Drop every picture and give the entries back exactly.

* Dataset entries
════

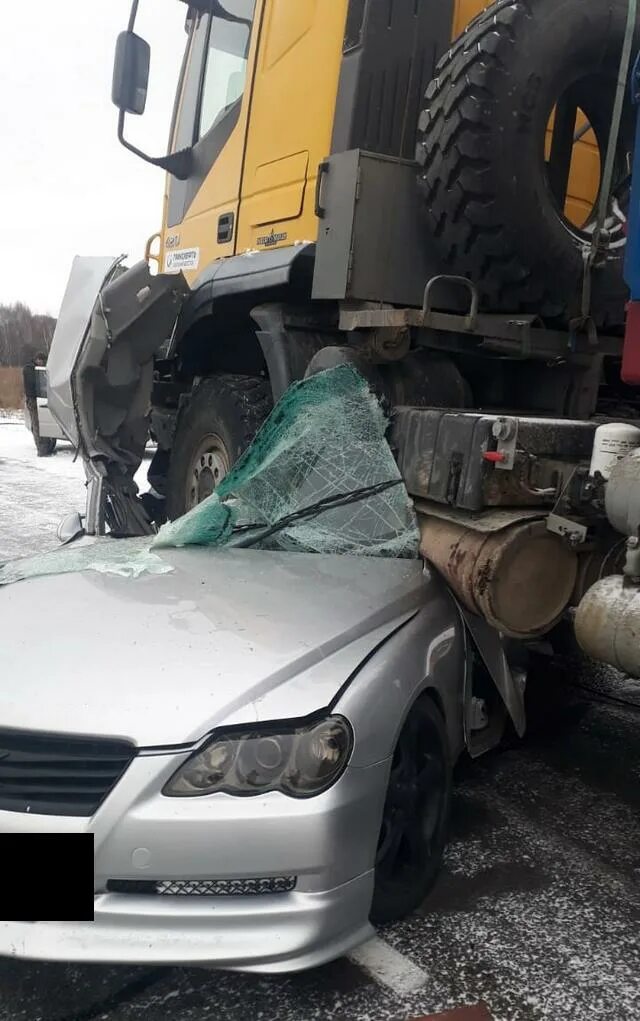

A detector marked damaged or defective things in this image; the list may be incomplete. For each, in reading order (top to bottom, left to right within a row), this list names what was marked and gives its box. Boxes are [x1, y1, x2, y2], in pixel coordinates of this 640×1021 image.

shattered windshield [1, 366, 420, 584]
damaged hood [0, 552, 424, 744]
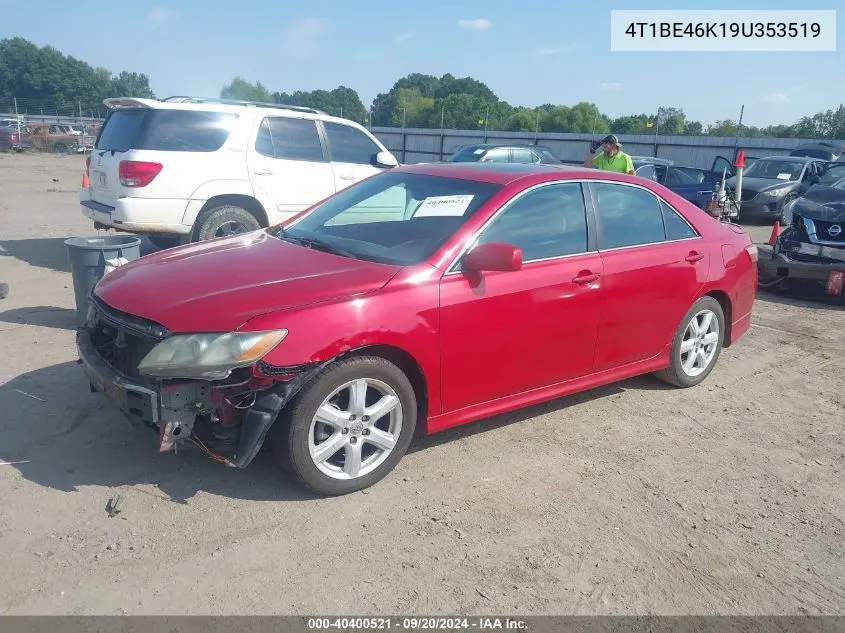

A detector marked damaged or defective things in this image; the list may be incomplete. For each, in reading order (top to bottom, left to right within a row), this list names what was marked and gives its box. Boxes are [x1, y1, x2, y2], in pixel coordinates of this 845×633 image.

front-end damage [756, 184, 844, 300]
front-end damage [77, 294, 326, 466]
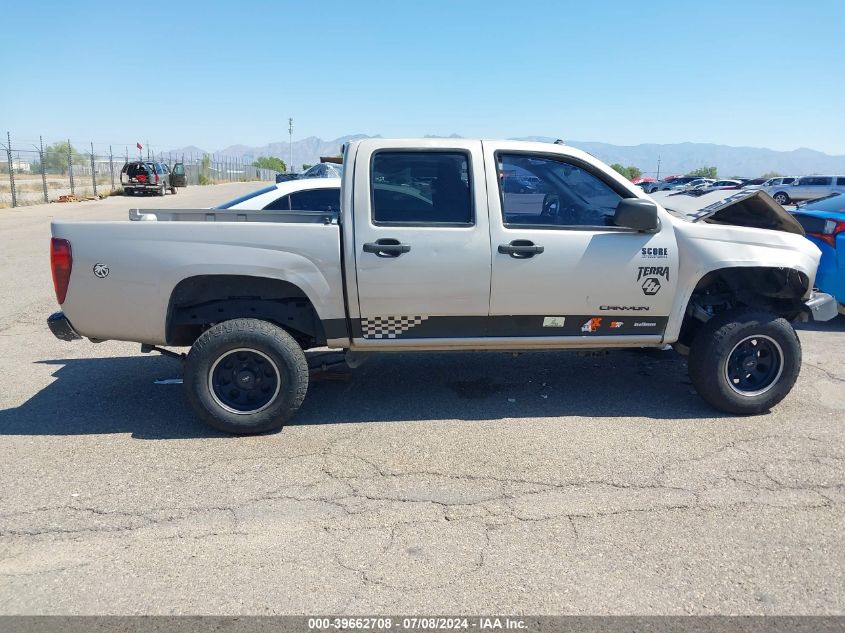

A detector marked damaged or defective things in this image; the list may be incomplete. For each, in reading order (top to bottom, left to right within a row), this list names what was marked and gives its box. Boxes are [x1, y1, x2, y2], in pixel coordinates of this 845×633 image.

damaged front bumper [800, 292, 836, 320]
damaged front bumper [46, 312, 81, 340]
cracked asphalt [0, 185, 840, 616]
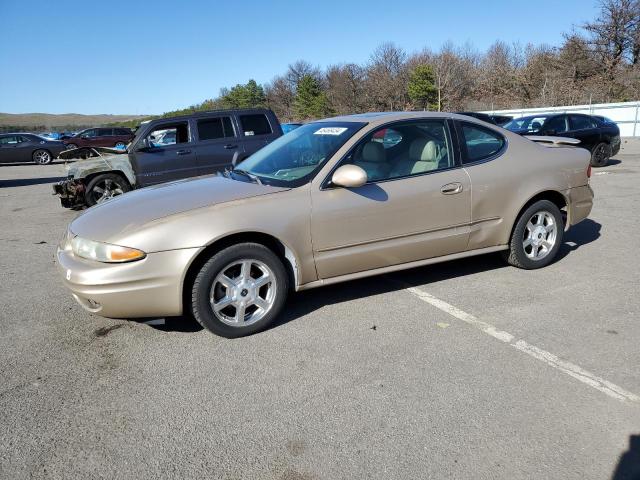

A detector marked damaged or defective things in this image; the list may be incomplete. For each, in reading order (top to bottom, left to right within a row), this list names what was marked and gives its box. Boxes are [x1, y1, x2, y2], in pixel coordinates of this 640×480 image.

damaged vehicle [53, 109, 284, 208]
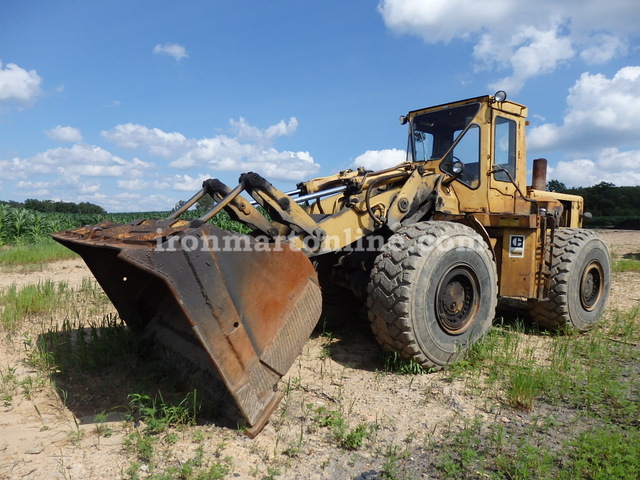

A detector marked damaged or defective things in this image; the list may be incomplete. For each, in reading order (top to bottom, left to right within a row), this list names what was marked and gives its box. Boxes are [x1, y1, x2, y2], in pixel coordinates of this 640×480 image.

rust on metal [51, 219, 320, 436]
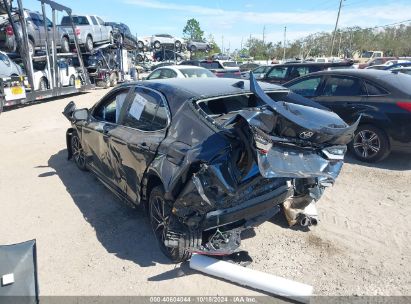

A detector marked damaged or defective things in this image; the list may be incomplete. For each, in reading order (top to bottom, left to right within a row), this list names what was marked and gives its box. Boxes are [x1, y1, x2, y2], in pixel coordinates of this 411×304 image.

severely damaged black car [62, 75, 358, 262]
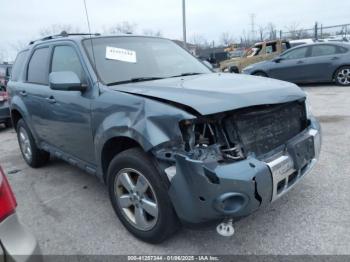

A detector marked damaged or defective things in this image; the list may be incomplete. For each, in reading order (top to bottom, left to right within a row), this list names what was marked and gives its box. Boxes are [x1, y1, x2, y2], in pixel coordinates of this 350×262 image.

damaged ford escape [6, 33, 322, 244]
crumpled front end [154, 99, 322, 224]
cracked bumper [167, 119, 320, 224]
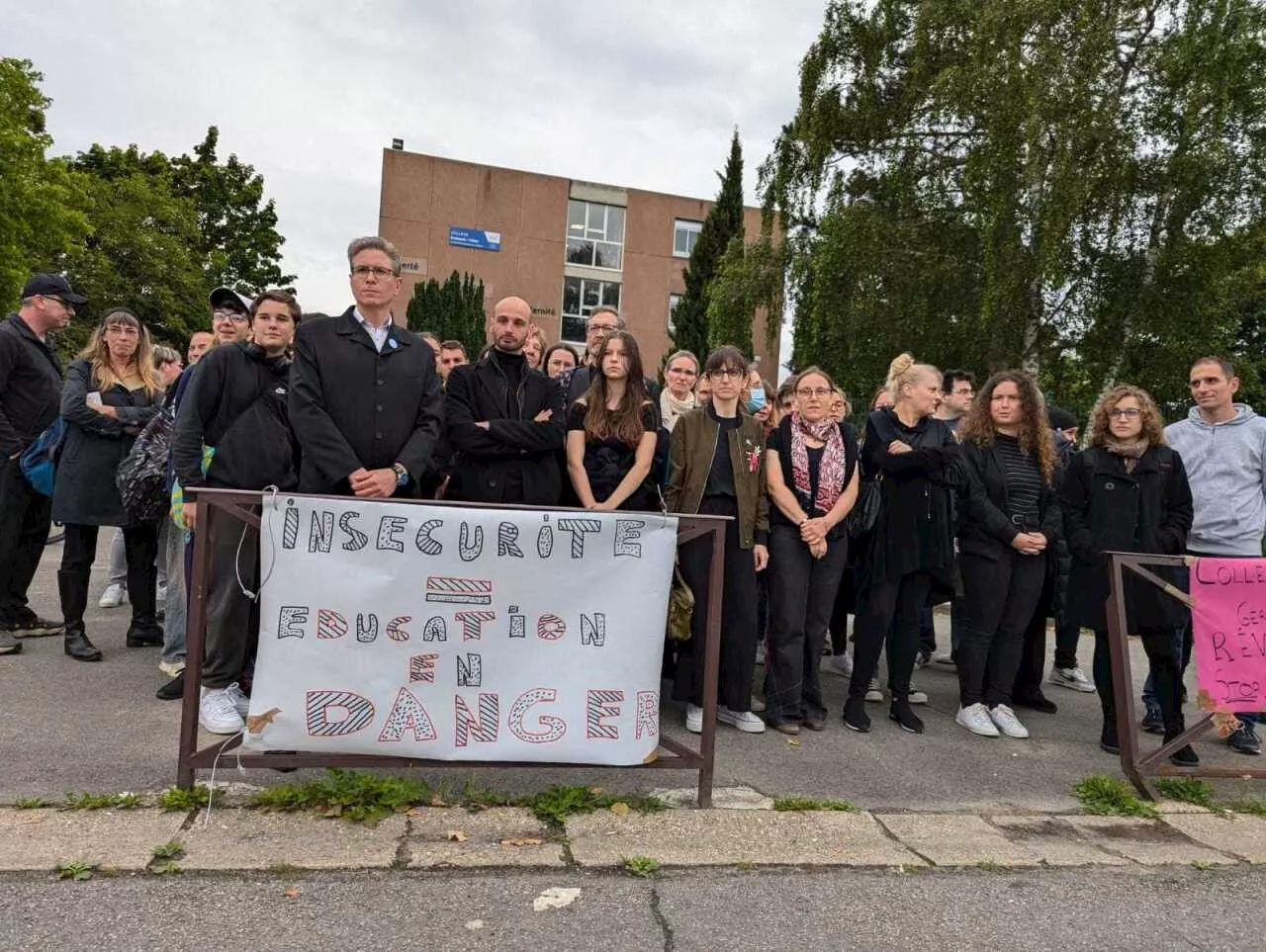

════

* Exercise response
A detector marked damaged or defective things in this image; the list may be incomplete. For each, in reading order (top to bottom, left to right within a row), this list names what was marked and gives its box. Boxes are [x1, y1, x2, y2], in pixel coordinates of this 640×1021 image.

shattered windshield [1, 366, 420, 584]
damaged hood [0, 552, 424, 744]

A detector marked damaged or defective things in this image; the list may be incomplete. For each, in reading order (top to bottom, left to right within a row), this list names what was marked and gives its box. Boxes are [x1, y1, x2, y2], in pixel coordinates of this 845×633 image.

front-end damage [756, 184, 844, 300]
front-end damage [77, 294, 326, 466]

A detector marked damaged or defective things in this image; the list may be incomplete. For each, in reading order (top to bottom, left to right within a row), this list names what was marked and gives its box. Boxes are [x1, y1, x2, y2], in pixel coordinates of this 845×633 image.

damaged front bumper [800, 292, 836, 320]
damaged front bumper [46, 312, 81, 340]
cracked asphalt [0, 185, 840, 616]

A detector marked damaged or defective things in this image; the list may be incomplete. For each, in reading order (top to bottom, left to right within a row), this list names what was marked and gives its box. Boxes are [x1, y1, x2, y2], in pixel coordinates of this 640×480 image.

damaged vehicle [53, 109, 284, 208]

A detector marked damaged or defective things in this image; the list may be incomplete. For each, in reading order (top to bottom, left to right within a row), this list names what was marked and gives its box. Boxes are [x1, y1, x2, y2], in pixel coordinates of this 640×480 image.

rust on metal [51, 219, 320, 436]

A detector marked damaged or defective things in this image; the list may be incomplete. For each, in reading order (top to bottom, left to right within a row), this list names what was marked and gives its box. Boxes are [x1, y1, x2, y2], in pixel coordinates of this 411×304 image.

severely damaged black car [62, 75, 358, 262]

A detector marked damaged or defective things in this image; the list may be incomplete. For each, in reading order (top to bottom, left to right within a row), this list names what was marked and gives its box. Boxes are [x1, y1, x2, y2], in pixel coordinates of this 350×262 image.

damaged ford escape [6, 33, 322, 244]
crumpled front end [154, 99, 322, 224]
cracked bumper [167, 119, 320, 224]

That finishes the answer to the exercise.